Both the line below containing "一套万能的异步处理方案" and the line containing "Composite Island tide", along with every line between them, should be repeated exactly; no other line belongs in the answer.

ENTRIES PROVIDED: Begin

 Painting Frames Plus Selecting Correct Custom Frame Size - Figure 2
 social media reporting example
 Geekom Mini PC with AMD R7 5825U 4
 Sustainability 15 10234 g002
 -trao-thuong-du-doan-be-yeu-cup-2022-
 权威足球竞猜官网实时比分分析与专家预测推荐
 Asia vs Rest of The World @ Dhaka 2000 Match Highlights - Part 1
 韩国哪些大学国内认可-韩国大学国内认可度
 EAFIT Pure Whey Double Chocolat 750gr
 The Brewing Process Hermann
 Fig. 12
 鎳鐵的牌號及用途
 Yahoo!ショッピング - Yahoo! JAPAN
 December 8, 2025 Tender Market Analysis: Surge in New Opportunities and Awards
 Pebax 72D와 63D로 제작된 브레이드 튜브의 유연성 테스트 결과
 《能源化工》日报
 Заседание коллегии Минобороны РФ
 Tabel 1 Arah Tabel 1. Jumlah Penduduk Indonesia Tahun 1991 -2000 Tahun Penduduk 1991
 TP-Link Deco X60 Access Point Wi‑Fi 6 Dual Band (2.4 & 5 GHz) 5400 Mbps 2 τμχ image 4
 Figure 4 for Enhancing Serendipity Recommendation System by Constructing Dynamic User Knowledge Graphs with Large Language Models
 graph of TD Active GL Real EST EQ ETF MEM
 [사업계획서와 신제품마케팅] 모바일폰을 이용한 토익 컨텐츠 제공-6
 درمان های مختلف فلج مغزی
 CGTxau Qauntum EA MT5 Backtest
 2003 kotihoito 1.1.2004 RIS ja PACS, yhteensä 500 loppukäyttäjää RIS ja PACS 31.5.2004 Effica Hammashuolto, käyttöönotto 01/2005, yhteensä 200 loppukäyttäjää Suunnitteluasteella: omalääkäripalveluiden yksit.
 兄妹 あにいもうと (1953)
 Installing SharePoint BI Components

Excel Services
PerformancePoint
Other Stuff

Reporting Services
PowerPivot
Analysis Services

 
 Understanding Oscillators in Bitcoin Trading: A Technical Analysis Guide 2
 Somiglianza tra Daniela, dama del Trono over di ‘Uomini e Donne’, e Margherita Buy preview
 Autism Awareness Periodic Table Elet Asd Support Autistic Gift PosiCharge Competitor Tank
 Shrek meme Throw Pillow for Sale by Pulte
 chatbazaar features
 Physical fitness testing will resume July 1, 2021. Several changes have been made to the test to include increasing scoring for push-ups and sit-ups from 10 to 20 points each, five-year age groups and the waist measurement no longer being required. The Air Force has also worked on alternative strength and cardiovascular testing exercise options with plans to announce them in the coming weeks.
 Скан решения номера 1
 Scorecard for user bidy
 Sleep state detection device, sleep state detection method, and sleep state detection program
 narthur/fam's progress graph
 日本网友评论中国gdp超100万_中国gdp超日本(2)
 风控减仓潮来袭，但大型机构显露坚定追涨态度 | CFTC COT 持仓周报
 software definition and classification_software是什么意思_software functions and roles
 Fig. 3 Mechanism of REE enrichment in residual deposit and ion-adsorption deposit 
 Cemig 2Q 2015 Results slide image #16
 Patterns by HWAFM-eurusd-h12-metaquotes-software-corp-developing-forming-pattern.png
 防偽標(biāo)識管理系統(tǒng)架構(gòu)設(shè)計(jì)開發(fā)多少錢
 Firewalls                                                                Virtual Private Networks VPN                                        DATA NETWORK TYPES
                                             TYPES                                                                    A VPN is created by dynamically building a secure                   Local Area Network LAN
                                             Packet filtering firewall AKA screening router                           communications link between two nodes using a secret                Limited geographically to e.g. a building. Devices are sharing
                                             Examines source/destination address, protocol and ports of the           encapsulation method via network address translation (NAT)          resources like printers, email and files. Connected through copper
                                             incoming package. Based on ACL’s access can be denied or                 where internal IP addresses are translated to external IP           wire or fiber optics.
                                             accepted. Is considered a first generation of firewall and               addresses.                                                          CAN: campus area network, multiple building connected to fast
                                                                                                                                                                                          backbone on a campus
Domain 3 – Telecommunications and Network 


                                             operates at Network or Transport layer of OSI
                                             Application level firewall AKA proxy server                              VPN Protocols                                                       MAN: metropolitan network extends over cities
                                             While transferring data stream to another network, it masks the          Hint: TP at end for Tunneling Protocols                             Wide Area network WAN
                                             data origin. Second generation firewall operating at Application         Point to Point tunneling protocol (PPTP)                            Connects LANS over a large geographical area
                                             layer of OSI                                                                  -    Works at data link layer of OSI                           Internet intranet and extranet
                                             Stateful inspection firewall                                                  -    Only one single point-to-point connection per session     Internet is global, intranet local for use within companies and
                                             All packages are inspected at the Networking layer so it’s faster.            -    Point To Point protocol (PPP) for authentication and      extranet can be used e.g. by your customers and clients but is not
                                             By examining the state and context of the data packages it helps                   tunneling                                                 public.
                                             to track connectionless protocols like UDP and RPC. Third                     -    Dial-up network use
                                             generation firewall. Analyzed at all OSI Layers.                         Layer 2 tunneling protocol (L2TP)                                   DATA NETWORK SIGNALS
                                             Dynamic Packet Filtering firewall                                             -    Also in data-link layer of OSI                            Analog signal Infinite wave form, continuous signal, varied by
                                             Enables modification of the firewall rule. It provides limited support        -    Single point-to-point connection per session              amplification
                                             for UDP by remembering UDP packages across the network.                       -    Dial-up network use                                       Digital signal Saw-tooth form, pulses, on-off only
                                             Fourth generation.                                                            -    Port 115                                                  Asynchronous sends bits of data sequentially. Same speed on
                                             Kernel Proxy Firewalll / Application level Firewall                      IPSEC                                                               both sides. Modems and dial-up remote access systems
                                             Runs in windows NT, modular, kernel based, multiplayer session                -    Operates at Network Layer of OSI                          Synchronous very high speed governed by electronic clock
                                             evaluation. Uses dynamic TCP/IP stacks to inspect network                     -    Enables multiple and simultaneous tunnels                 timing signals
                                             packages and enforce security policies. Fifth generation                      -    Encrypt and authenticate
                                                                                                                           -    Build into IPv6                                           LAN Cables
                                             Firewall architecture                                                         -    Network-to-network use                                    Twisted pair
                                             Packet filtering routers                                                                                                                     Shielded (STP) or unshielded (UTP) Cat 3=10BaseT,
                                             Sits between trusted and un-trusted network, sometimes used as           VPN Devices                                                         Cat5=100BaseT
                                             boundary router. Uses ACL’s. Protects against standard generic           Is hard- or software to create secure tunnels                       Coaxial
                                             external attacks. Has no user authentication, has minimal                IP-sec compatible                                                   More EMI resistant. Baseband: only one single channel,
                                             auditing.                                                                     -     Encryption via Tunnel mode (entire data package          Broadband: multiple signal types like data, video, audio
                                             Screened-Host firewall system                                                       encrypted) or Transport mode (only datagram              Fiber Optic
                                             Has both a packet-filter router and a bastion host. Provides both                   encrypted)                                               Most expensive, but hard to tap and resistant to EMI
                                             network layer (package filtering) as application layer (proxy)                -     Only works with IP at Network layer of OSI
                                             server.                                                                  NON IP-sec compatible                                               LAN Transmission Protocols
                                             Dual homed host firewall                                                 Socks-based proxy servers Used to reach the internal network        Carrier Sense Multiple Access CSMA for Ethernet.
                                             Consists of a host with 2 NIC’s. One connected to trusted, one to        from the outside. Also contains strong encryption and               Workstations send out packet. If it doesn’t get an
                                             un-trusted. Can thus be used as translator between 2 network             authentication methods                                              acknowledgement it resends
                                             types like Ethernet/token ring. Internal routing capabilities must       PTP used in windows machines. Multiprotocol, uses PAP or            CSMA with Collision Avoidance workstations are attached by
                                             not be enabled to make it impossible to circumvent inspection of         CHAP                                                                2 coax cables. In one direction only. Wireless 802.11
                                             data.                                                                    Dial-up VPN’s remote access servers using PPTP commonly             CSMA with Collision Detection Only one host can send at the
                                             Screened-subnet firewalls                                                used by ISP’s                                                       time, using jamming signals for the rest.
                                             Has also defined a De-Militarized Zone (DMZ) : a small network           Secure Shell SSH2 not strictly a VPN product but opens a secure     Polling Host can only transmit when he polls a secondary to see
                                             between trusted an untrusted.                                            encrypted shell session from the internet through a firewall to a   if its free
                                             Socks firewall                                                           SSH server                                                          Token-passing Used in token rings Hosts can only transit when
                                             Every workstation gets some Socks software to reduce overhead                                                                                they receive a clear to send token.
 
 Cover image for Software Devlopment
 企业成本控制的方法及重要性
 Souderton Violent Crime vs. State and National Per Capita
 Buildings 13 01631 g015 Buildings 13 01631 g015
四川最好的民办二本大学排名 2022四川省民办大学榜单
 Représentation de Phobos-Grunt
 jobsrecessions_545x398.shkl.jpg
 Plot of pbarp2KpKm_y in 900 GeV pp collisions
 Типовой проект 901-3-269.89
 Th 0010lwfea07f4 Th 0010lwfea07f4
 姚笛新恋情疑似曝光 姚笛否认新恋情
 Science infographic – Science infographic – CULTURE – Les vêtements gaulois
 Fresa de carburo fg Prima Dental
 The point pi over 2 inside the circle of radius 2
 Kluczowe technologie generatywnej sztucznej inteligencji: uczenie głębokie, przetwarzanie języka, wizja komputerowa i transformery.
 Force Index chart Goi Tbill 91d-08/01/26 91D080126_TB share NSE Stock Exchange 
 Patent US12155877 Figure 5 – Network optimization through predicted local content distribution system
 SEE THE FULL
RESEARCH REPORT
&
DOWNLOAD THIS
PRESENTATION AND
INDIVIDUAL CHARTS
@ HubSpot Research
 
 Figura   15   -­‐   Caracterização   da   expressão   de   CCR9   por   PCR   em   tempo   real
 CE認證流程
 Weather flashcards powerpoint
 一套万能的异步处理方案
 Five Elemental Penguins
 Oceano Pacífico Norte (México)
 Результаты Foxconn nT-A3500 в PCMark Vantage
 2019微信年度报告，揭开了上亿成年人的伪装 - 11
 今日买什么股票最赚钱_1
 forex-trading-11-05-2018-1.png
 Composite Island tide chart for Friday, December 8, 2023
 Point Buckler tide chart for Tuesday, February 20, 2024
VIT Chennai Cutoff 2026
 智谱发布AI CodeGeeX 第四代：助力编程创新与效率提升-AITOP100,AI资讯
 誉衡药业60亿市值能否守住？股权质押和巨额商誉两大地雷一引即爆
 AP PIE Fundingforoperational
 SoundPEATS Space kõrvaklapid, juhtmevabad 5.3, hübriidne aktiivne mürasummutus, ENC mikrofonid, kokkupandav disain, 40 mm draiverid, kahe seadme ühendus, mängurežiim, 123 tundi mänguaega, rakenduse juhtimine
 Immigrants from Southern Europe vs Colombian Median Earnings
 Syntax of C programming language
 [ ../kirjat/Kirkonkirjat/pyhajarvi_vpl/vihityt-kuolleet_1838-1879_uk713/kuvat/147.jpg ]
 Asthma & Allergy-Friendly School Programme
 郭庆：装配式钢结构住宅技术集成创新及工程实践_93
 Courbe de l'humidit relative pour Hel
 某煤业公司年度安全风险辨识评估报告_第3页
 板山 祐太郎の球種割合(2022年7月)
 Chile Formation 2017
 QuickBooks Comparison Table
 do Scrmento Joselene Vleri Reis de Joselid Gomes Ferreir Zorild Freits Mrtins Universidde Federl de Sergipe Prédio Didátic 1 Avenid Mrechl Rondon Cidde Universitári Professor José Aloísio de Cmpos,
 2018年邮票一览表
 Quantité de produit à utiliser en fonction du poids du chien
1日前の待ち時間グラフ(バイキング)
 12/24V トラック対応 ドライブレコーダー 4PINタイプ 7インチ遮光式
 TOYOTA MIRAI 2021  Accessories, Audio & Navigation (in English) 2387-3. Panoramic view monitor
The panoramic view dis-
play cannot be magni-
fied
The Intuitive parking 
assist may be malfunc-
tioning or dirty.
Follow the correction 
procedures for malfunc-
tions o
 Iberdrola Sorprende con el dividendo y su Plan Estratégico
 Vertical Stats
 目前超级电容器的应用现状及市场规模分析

ENTRIES PROVIDED: End

— SOLUTION BELOW —
 一套万能的异步处理方案
 Five Elemental Penguins
 Oceano Pacífico Norte (México)
 Результаты Foxconn nT-A3500 в PCMark Vantage
 2019微信年度报告，揭开了上亿成年人的伪装 - 11
 今日买什么股票最赚钱_1
 forex-trading-11-05-2018-1.png
 Composite Island tide chart for Friday, December 8, 2023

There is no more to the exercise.